Yetiştirilirken inanılmaz derecede dayanıklı, önemli miktarda su ihtiyacı bulunmayan ve toprak ve çevre açısından çok seçici olmayan nohut, ‘Çiftlik dostu’ ve az bakım gerektiren ürünler söz konusu olduğunda listenin başına yerleşiyor. Kışladağ madenini çevreleyen ve Uşak ili genelinde mahsul hiyerarşisinde önemli bir yere sahip olan nohutun mutfak kadar kültürün de bir parçası olduğu uzun zamandır biliniyor.

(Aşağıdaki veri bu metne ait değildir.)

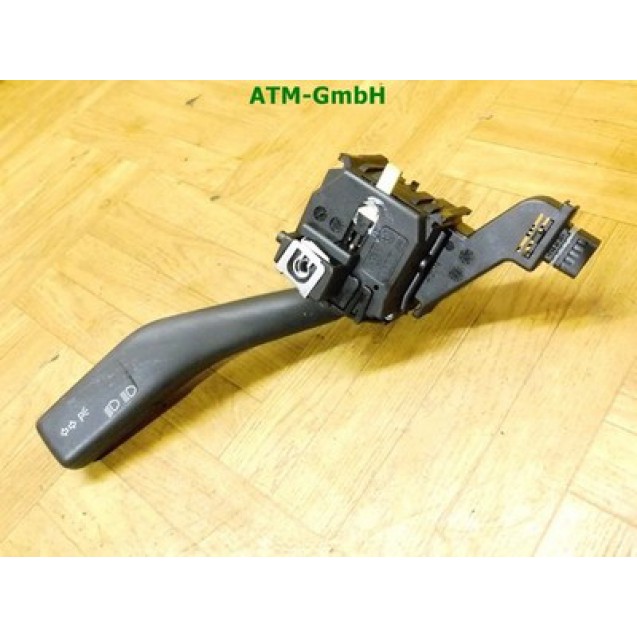 Blinkerschalter Lenkstockschalter Schalter VW Golf 5 V 1K0953513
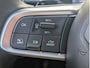 Jeep Avenger 1.2 e-Hybrid Altitude, Rijklaarprijs / 12 mnd Bovag garantie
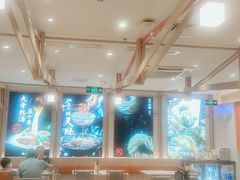 -味千拉面(双井店)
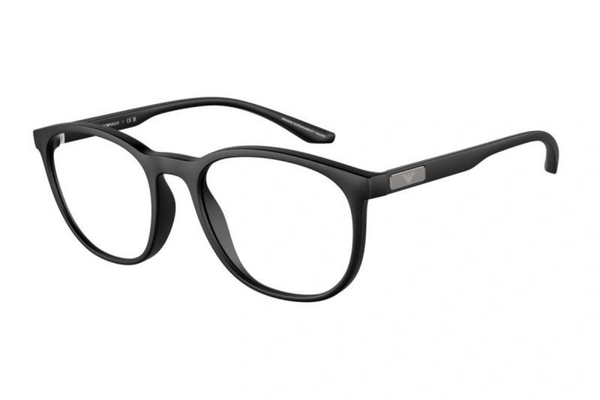 Emporio Armani Frame EA 3229 51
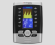 Велотренажер Svensson Body Labs Crossline BMA Велотренажер Svensson Body Labs Crossline BMA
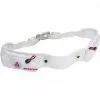 Outdoor/Camping Ultimate Direction Running Belt - Marathon Vapor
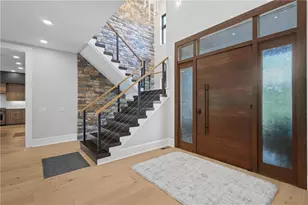 1895 Vintage Pl, Watkinsville, GA 30677 - Photo 5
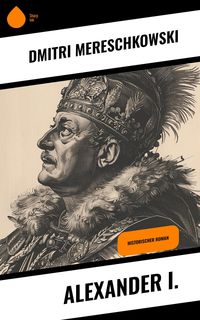 Produktbild: Alexander I.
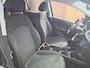 Opel Corsa 1.4 Edition, 1e eigenaar, Dealer onderhouden, Automaat!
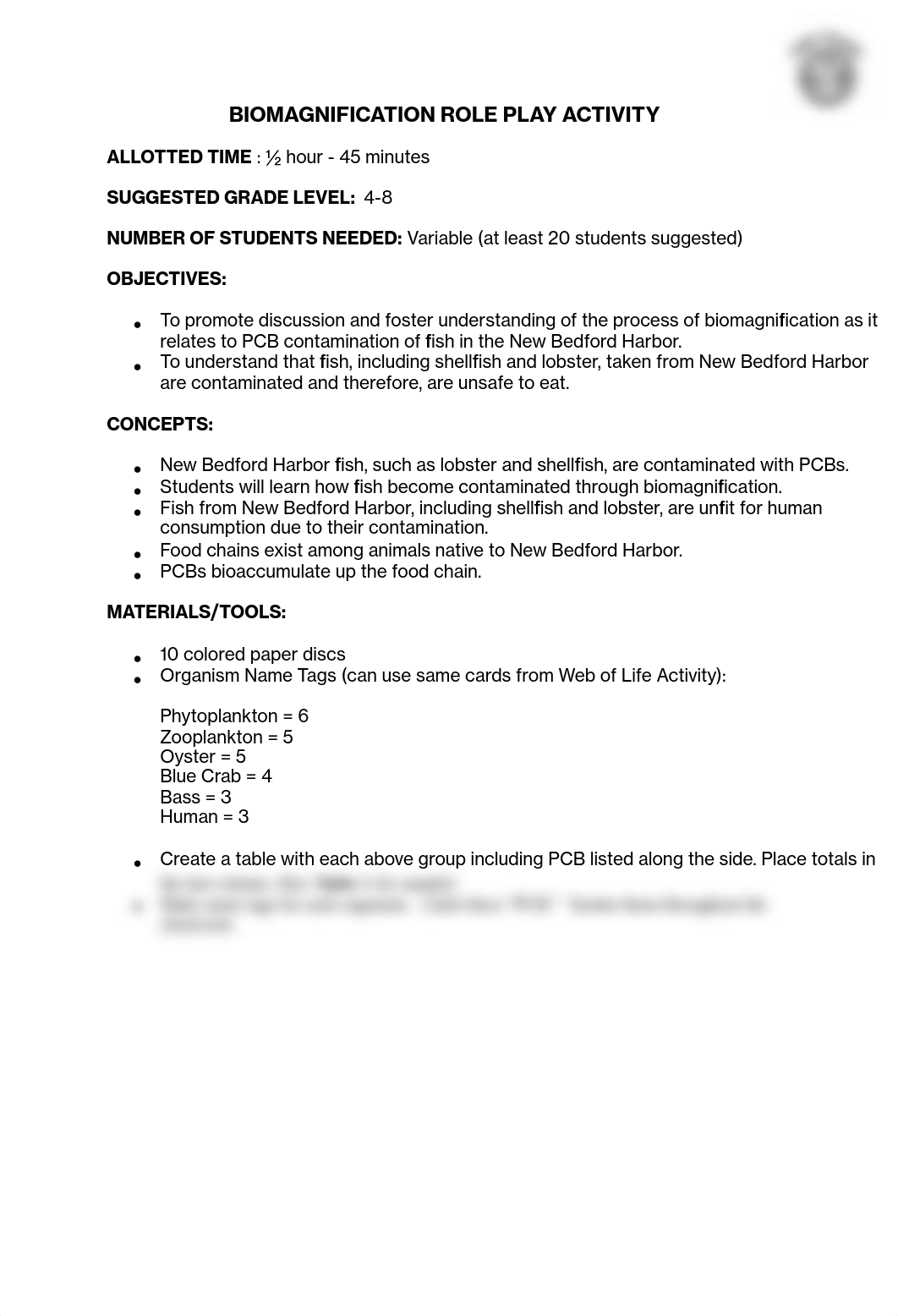 Biomagnification-Worksheet-Answer-Key (1).pdf_d9vidxr5rug_page1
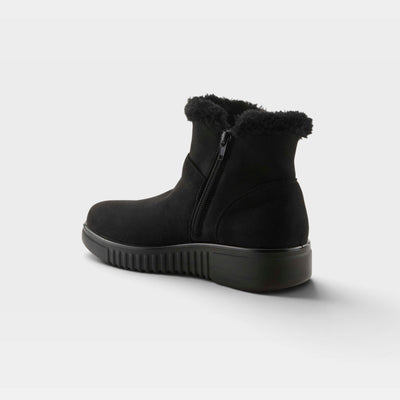 Flexus Badisco Women's Boots — product view 7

2018 yılında Kışladağ’ın sera personeli madende bir çiftlik projesi başlattı. Bölgedeki tarımı desteklemek için madeni çevreleyen 64.000 m2 arazi ekildi. Tüprag Kışladağ Altın Madeni Halkla ve Kamuyla İlişkiler Müdürü Hakan Ünal’a göre nohut projesine başlamak hiç kolay olmadı:
“Kuraklığa toleranslı olmasına rağmen birçok yerel çiftçi, geçtiğimiz birkaç yıl içinde, daha kuru hava koşulları nedeniyle düşük nohut hasadı yaşadı. Yerel üretimi desteklemek için işletme alanımızdaki uygun alanlarda nohut yetiştirmeye karar verdik. Ürünler, hiçbir katkı maddesi kullanılmadan, personelimiz tarafından organik olarak yetiştirildi.”
Hakan, başarılı nohut üretimi ile Kışladağ’ın bölgede doğal ve modern tarım yöntemlerinin gelişmesine katkı sağladığını, Efemçukuru’nda da benzer şekilde işletme sınırları içinde üzüm ve bal üretildiğini söylerken Kışladağ’ın sera çalışanlarının, mahsullerini iyileştirmelerine yardımcı olmak için bilgilerini yerel halkla paylaştığını da sözlerine ekliyor.
“Sağlıklı ve bol miktarda nohut mahsulü yetiştirebildik ve bunları yerel topluluklarımızla paylaşabildik. Geçen yıl çalışanlarımıza ve yerel paydaşlarımıza yaklaşık 9 ton nohut dağıttık ve amacımız bu yıl da aynısını yapmak” diyen Hakan Ünal bu örneğin madencilik faaliyetlerinin tarımla bir arada var olabileceğinin bir göstergesi olduğuna dikkat çekiyor.